Finding Needle (Games) In A Haystack (Which Is Society)

It can be hard to talk about a trend in games without it being seen as talking about all games that represent that trend. Especially in this case when the game that started me thinking about the conversation is a game that’s not just an indie darling, but it’s an indie darling which has a lot of queer and neuroatypical cred. There are lots of people who really care about the game that started me thinking about it, and unlike other Indie Darlings that Talen Doesn’t Like, I don’t actually dislike this game!

But it is where the thought started, and in the interest of honestly addressing the idea, let’s go on discussing an idea brought to my attention by cultural phenomenon, accessibility example, and Filthy SJW Propoganda needle game Celeste.
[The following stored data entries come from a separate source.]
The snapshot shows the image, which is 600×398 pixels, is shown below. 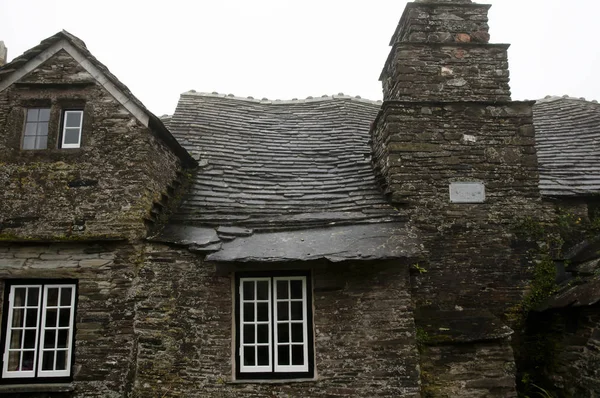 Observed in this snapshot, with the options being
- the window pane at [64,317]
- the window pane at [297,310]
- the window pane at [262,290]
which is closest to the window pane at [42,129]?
the window pane at [64,317]

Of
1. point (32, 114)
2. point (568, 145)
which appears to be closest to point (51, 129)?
point (32, 114)

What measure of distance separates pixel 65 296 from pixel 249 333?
9.99 feet

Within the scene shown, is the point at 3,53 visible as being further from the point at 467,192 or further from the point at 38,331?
the point at 467,192

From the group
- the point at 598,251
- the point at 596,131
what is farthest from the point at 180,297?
the point at 596,131

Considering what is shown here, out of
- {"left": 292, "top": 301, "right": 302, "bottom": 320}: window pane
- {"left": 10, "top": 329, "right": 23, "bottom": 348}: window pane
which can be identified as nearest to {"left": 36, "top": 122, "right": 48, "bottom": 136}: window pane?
{"left": 10, "top": 329, "right": 23, "bottom": 348}: window pane

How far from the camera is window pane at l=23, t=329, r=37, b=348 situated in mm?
7262

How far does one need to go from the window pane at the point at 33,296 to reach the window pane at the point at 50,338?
496 millimetres

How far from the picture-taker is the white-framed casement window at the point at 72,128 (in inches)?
312

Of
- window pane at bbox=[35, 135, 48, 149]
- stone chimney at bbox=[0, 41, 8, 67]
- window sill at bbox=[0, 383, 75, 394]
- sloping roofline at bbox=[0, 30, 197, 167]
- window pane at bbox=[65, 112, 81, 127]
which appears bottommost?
window sill at bbox=[0, 383, 75, 394]

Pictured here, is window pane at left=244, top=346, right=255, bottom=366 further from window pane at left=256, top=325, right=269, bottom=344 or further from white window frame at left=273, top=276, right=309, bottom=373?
white window frame at left=273, top=276, right=309, bottom=373

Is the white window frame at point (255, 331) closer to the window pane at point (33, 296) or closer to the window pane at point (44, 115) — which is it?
the window pane at point (33, 296)

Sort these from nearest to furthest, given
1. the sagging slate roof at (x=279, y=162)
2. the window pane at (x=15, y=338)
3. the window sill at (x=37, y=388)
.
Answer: the window sill at (x=37, y=388) < the window pane at (x=15, y=338) < the sagging slate roof at (x=279, y=162)

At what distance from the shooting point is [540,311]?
25.4ft

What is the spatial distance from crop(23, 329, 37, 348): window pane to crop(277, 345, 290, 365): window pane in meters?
3.88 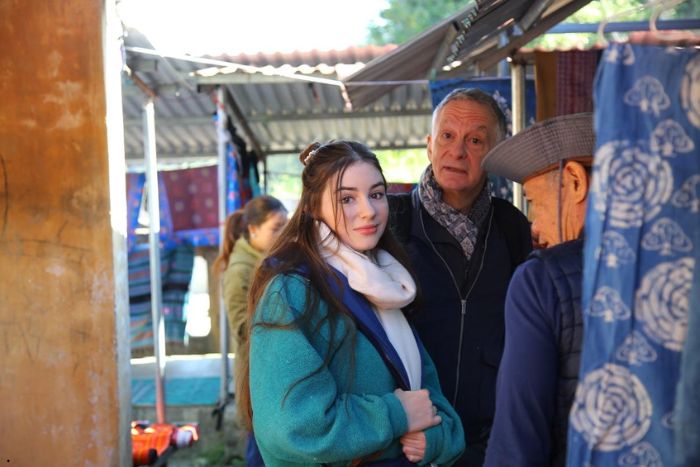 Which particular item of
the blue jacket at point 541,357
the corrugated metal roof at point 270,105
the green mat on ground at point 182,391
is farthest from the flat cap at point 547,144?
the green mat on ground at point 182,391

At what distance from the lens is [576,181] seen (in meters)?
1.85

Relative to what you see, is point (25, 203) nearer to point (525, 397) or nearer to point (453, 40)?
point (453, 40)

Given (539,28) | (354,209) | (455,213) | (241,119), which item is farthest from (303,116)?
(354,209)

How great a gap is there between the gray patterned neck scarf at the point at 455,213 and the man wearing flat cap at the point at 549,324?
45.0 inches

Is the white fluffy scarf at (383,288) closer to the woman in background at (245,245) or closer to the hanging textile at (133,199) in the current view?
the woman in background at (245,245)

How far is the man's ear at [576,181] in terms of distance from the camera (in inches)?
71.8

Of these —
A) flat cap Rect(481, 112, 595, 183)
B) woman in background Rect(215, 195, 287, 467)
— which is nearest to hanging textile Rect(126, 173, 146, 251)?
woman in background Rect(215, 195, 287, 467)

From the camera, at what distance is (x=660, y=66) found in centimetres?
142

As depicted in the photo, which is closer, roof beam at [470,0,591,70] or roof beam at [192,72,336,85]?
roof beam at [470,0,591,70]

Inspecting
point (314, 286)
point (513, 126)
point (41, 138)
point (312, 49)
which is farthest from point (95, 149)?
point (312, 49)

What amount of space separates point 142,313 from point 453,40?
18.0ft

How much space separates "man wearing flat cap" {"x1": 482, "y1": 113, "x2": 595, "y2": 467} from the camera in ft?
5.70

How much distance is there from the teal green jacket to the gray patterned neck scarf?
36.8 inches

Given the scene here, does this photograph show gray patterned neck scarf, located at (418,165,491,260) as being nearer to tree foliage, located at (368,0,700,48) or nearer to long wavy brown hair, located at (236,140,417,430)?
long wavy brown hair, located at (236,140,417,430) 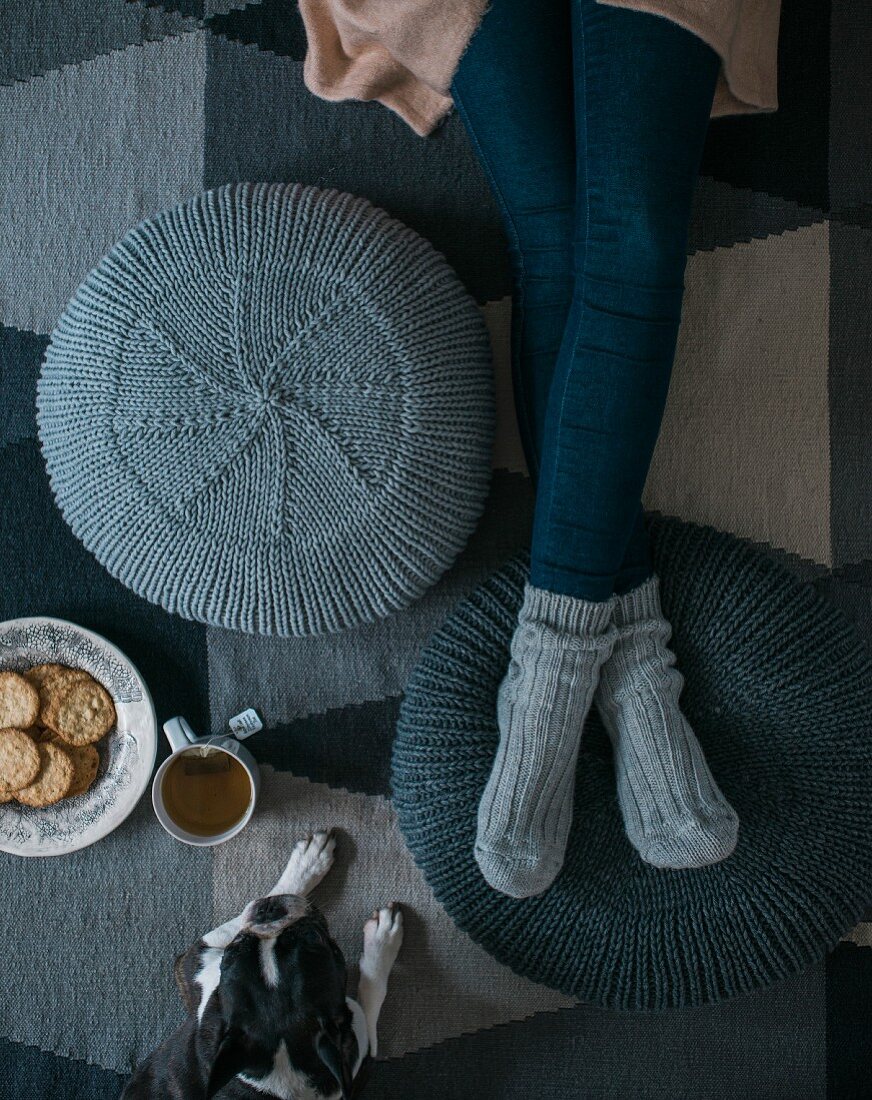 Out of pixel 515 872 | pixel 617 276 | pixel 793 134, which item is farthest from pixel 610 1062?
pixel 793 134

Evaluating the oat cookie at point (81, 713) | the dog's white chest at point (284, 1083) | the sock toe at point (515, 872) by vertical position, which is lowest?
the dog's white chest at point (284, 1083)

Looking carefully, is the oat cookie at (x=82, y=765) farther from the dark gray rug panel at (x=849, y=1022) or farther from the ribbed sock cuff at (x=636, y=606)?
the dark gray rug panel at (x=849, y=1022)

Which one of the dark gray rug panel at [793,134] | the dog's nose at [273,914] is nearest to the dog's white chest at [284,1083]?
the dog's nose at [273,914]

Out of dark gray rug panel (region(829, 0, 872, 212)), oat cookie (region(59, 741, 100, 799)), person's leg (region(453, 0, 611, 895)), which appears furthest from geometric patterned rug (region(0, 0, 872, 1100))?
person's leg (region(453, 0, 611, 895))

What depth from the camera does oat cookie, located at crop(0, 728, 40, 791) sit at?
1.09 meters

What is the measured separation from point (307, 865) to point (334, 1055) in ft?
0.94

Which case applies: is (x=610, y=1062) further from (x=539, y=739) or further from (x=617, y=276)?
(x=617, y=276)

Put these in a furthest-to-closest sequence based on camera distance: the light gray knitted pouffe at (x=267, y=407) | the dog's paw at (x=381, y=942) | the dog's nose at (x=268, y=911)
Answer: the dog's paw at (x=381, y=942), the dog's nose at (x=268, y=911), the light gray knitted pouffe at (x=267, y=407)

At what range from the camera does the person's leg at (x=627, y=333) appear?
2.72ft

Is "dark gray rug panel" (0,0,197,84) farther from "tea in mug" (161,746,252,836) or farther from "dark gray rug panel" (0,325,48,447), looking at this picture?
"tea in mug" (161,746,252,836)

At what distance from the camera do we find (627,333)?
866mm

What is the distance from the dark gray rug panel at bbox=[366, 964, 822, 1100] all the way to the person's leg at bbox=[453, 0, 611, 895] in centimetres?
36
Let’s first define a ‘needle game.’ Needle games are a particular variety of usually platform game with a fantastically difficult path through the game, usually in a room-by-room basis, most commonly associated with the game I Wanna Be The Guy. There are a lot of indie games in this genre, they’re pretty popular, and if IWBTG was the dawn of the current framework for these deliberately-very-difficult videogames, then they were kind of ‘perfected’ in Celeste.

Needle games have a bunch of common traits, but a basic idea is that each room usually has a single navigable path through it, that path is usually non-obvious until you’ve played your way through the game a lot, rooms are usually made to look impossible, but to have an idea of how you start. A lot of these games are built around the idea that you will fail over and over again until you correctly execute and pass through the room.

Note that Hotline Miami is not a needle game, because a big part of that game is deliberate randomness. In needle games, the rooms are almost always completely identical from one attempt to another. The point of these games, generally speaking, is to get as close as is possible to actually perfectly executing on the way the game is meant to be played.

Needle games are quitely very different to most other forms of videogames, just because they reduce the degree to which play can be playful.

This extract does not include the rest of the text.